● **ASSIGNED TASK**
I'd like an exact copy of every line from the start of the entries below through the line containing "Collana ovetto con", please.

● **Dataset entries**
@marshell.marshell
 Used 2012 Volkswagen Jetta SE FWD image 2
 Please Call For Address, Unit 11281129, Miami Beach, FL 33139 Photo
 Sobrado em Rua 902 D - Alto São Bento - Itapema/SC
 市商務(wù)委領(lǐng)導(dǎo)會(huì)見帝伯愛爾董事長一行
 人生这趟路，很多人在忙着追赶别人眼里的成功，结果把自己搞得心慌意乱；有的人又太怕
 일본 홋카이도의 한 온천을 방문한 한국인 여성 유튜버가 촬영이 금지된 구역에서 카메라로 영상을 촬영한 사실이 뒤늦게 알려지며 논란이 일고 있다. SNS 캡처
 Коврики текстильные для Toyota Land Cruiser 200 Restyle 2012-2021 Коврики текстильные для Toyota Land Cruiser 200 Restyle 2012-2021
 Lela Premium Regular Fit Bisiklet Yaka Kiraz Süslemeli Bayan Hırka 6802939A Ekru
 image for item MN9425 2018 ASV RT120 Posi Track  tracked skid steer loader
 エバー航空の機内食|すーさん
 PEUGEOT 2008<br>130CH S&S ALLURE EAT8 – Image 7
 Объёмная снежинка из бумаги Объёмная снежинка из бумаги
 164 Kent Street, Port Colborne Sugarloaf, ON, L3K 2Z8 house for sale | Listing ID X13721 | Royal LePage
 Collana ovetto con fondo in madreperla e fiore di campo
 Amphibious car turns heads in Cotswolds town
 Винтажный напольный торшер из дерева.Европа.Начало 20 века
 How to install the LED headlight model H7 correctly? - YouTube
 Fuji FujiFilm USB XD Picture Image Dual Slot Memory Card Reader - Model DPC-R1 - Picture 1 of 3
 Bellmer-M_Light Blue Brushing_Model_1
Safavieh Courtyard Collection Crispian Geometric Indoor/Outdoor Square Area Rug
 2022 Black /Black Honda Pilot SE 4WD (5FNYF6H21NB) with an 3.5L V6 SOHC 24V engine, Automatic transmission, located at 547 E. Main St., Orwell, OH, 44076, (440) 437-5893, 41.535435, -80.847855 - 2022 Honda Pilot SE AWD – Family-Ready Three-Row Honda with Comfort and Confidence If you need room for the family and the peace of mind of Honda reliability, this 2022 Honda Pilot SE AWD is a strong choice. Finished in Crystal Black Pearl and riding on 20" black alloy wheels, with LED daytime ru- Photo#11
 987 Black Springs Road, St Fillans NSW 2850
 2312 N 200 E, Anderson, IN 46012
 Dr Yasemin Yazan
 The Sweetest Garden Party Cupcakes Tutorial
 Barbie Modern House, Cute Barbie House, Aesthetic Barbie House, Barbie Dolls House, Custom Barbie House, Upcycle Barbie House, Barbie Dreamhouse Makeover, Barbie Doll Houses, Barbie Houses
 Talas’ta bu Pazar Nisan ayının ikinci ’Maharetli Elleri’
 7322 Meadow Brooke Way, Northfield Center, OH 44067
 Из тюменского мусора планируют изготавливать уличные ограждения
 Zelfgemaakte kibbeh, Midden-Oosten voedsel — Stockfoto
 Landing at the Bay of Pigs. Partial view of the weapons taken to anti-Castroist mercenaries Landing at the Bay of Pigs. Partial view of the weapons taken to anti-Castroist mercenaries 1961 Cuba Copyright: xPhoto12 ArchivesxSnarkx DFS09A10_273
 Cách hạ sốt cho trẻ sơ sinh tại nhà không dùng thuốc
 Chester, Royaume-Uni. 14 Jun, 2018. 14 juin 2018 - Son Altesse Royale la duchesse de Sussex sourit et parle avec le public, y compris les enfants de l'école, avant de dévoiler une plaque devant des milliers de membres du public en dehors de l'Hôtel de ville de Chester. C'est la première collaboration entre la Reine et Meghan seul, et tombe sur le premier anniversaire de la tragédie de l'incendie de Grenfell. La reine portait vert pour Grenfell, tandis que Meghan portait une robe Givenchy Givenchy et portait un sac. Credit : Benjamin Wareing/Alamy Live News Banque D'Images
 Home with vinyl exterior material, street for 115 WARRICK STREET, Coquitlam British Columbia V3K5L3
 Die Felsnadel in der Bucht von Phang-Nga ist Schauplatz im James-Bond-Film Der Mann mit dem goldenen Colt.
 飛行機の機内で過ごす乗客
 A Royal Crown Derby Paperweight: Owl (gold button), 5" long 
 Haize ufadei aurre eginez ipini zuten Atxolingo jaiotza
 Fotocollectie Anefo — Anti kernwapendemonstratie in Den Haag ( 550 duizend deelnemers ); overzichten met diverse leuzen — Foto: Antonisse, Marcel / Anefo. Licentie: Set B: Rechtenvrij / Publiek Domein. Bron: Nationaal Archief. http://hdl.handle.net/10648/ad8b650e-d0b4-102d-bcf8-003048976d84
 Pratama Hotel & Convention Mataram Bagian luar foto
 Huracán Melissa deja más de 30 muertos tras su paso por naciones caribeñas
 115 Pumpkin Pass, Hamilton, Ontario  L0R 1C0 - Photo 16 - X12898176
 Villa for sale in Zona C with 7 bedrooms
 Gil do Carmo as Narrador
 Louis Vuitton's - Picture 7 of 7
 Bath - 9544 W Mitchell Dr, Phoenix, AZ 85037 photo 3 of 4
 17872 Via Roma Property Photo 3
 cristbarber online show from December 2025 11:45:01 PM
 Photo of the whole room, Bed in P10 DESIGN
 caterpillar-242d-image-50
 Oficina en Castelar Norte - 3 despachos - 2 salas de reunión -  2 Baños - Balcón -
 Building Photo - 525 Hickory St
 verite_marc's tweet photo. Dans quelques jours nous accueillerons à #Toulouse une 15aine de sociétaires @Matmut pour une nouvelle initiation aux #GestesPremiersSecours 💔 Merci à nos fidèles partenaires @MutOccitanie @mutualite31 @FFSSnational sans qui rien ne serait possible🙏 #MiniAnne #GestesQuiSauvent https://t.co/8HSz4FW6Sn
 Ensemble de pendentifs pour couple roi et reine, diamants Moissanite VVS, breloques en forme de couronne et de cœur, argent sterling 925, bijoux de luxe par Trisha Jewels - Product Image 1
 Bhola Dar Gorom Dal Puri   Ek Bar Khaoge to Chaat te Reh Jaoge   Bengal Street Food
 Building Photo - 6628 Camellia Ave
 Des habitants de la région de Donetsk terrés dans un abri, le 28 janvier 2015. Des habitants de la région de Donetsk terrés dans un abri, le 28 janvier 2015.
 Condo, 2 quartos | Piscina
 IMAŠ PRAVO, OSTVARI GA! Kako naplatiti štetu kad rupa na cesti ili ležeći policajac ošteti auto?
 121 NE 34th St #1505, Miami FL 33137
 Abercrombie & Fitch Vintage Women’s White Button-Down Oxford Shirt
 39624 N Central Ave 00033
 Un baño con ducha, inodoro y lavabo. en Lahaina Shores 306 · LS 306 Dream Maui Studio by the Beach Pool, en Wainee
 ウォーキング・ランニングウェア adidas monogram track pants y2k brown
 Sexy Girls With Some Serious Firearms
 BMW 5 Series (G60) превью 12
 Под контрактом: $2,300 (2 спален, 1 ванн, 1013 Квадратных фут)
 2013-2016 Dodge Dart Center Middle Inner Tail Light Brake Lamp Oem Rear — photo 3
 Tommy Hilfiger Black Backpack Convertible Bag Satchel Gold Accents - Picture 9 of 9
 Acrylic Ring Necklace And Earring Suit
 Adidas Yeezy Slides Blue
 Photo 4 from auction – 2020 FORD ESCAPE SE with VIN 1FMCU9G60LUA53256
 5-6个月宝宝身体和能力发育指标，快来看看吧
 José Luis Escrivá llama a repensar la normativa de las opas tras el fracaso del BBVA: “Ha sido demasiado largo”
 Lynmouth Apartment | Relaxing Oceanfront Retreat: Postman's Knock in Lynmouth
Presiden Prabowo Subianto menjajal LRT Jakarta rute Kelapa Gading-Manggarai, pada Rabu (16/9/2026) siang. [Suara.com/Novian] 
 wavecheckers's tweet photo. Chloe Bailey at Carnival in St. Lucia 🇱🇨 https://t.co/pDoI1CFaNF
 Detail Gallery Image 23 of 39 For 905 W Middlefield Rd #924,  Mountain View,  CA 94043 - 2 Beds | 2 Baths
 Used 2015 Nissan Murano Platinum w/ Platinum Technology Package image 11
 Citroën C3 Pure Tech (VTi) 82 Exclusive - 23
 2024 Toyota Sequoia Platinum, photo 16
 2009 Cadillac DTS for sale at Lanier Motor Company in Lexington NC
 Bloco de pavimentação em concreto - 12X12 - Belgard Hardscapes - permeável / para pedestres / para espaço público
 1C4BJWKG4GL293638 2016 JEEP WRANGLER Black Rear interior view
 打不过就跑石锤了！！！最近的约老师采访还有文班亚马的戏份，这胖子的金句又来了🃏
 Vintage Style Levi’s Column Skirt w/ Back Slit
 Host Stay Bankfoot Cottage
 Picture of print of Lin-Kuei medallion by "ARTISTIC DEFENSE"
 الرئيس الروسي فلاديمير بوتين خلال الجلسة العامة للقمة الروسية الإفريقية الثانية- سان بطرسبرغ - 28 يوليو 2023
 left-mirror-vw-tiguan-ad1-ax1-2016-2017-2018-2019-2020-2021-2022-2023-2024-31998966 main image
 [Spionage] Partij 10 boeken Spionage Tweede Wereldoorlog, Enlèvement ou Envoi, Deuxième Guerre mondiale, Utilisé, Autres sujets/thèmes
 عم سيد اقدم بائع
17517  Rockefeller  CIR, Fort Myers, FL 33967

● **ANSWER SPACE**
@marshell.marshell
 Used 2012 Volkswagen Jetta SE FWD image 2
 Please Call For Address, Unit 11281129, Miami Beach, FL 33139 Photo
 Sobrado em Rua 902 D - Alto São Bento - Itapema/SC
 市商務(wù)委領(lǐng)導(dǎo)會(huì)見帝伯愛爾董事長一行
 人生这趟路，很多人在忙着追赶别人眼里的成功，结果把自己搞得心慌意乱；有的人又太怕
 일본 홋카이도의 한 온천을 방문한 한국인 여성 유튜버가 촬영이 금지된 구역에서 카메라로 영상을 촬영한 사실이 뒤늦게 알려지며 논란이 일고 있다. SNS 캡처
 Коврики текстильные для Toyota Land Cruiser 200 Restyle 2012-2021 Коврики текстильные для Toyota Land Cruiser 200 Restyle 2012-2021
 Lela Premium Regular Fit Bisiklet Yaka Kiraz Süslemeli Bayan Hırka 6802939A Ekru
 image for item MN9425 2018 ASV RT120 Posi Track  tracked skid steer loader
 エバー航空の機内食|すーさん
 PEUGEOT 2008<br>130CH S&S ALLURE EAT8 – Image 7
 Объёмная снежинка из бумаги Объёмная снежинка из бумаги
 164 Kent Street, Port Colborne Sugarloaf, ON, L3K 2Z8 house for sale | Listing ID X13721 | Royal LePage
 Collana ovetto con fondo in madreperla e fiore di campo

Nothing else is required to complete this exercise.